Nawet pobieżna analiza orzecznictwa Trybunału daje podstawy do przyjęcia, że istnieją świadczenia z zakresu zabezpieczenia społecznego, które zdają się ze swojej istoty przynależeć do minimalnego zakresu prawa do zabezpieczenia społecznego, podlegającego konstytucyjnej ochronie. Takim świadczeniem niewątpliwie jest emerytura, która ma zagwarantować środki utrzymania w razie zaprzestania pracy w związku z osiągnięciem określonego wieku (zob. wyroki TK z 12 lutego 2008 r., SK 82/06, gdzie jednoznacznie stwierdzono, iż „składnikiem prawa do zabezpieczenia społecznego jest prawo do emerytury”, a także 13 grudnia 2007 r., SK 37/06, OTK ZU nr 11/A/2007, poz. 157), czy też prawo do waloryzacji świadczeń emerytalnych, które tradycyjnie uznawane jest za jeden z elementów prawa do zabezpieczenia społecznego (wyroki TK z 1 kwietnia 2008 r., SK 96/06 oraz 20 grudnia 1999 r., K 4/99, OTK ZU nr 7/1999, poz. 165). Pośrednio za element tego „minimum” uznał Trybunał prawo do renty (wyrok TK z 29 kwietnia 2008 r., P 38/06; por. jednak wyrok z 11 marca 2008 r., SK 58/06, OTK ZU nr 2/A/2008, poz. 26). Za nienależące do istoty prawa do zabezpieczenia społecznego Trybunał uznał natomiast prawo do świadczeń emerytalno-rentowych w ramach systemu „mundurowego” (wyrok TK z 29 kwietnia 2008 r., P 38/06), jak również uprawnienie do wcześniejszej emerytury z tytułu opieki nad dzieckiem (zob. wyrok z 4 stycznia 2000 r., K 18/99, OTK ZU nr 1/2000, poz. 1).
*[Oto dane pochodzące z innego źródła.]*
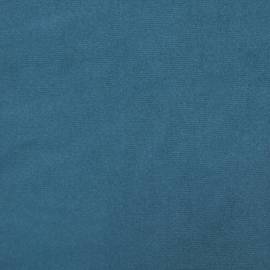 Bancă, albastru, 108x79x79 cm, catifea, 7 image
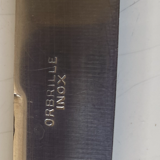 Box of silver metal knives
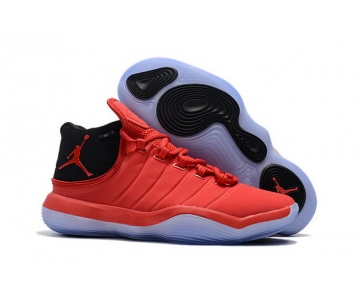 Wholesale Cheap Jordan Super.Fly 6 Shoes Red Black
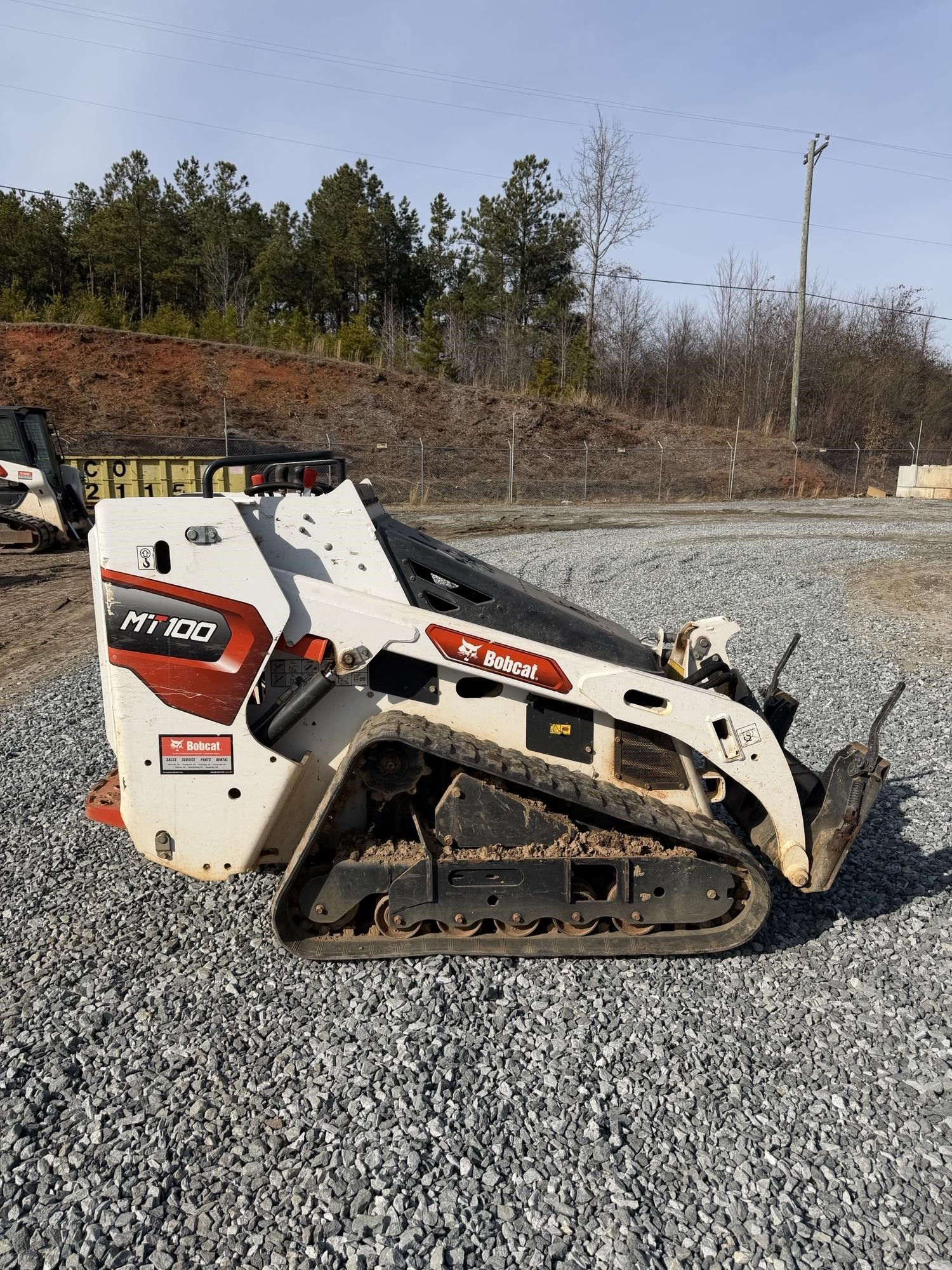 Used 2023 Bobcat MT100 - Stock: R170695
W postanowieniu z 14 października 2008 r. (Ts 152/06, OTK ZU nr 5/B/2008, poz. 196) Trybunał przyjął, że w sytuacji, w której przedmiotem rozstrzygnięcia jest prawo do świadczenia z zakresu zabezpieczenia społecznego, co do którego nie można prima facie przyjąć (biorąc pod uwagę chociażby orzecznictwo TK), że mieści się ono w chronionym konstytucyjnie zakresie prawa do zabezpieczenia społecznego, należy we wniesionej skardze dokładnie wskazać na przesłanki, które potwierdzają zasadność tezy o konstytucyjnym charakterze naruszonego prawa. Innymi słowy: należy wykazać, że świadczenie nie należy tylko do sfery uprawnień zagwarantowanych przez ustawę i wykraczających poza konstytucyjną istotę rozważanego prawa, ale mieści się w tej konstytucyjnie gwarantowanej sferze „minimum”. Oznacza to oczywiście de facto konieczność wykazania, że w konkretnej sytuacji realizacja prawa do zabezpieczenia społecznego nie nastąpiła przez pomoc społeczną (zob. wyrok TK z 11 marca 2008 r., SK 58/06). Spełnienie tego wymogu stanowi warunek konieczny przyjęcia, że skarżący określił sposób, w jaki zaskarżony przepis, stanowiący podstawę ostatecznego rozstrzygnięcia, narusza przysługujące mu prawo do zabezpieczenia społecznego. Należy podkreślić, że skarżący ani w skardze konstytucyjnej, ani w piśmie procesowym nadesłanym w celu jej uzasadnienia, nie wykazał, że prawo do wcześniejszej emerytury, w zakresie którego dochodzi do naruszenia zasady równości czy zakazu dyskryminacji, mieści się w zakresie konstytucyjnie chronionego „minimum”.
Na marginesie należy wskazać na brak wykazania, że podmioty, których uprawnienia zostały odmiennie uregulowane w ustawie o emeryturach i rentach z FUS, mają status podmiotów podobnych, które powinny – zgodnie z zasadą równości – być tak samo traktowane. Przykładowo: w ocenie Trybunału teza skarżącego, zgodnie z którą ubezpieczeni, którzy osiągnęli tzw. podstawowy wiek emerytalny i ubezpieczeni, którzy ukończyli wiek stanowiący przesłankę przyznania prawa do tzw. wcześniejszej emerytury, są podmiotami podobnymi, budzi poważne wątpliwości. Brak uprawdopodobnienia, że zarzut nierównego traktowania wynika z odmiennego ukształtowania sytuacji prawnej podmiotów podobnych stanowi argument za tezą, że skarżący nie wykazał, iż w jego przypadku doszło do naruszenia zasady równości.


Biorąc powyższe pod uwagę, Trybunał Konstytucyjny odmówił nadania dalszego biegu wniesionej skardze konstytucyjnej na podstawie art. 49 w zw. z art. 36 ust. 3 oraz art. 47 pkt 2 ustawy o TK.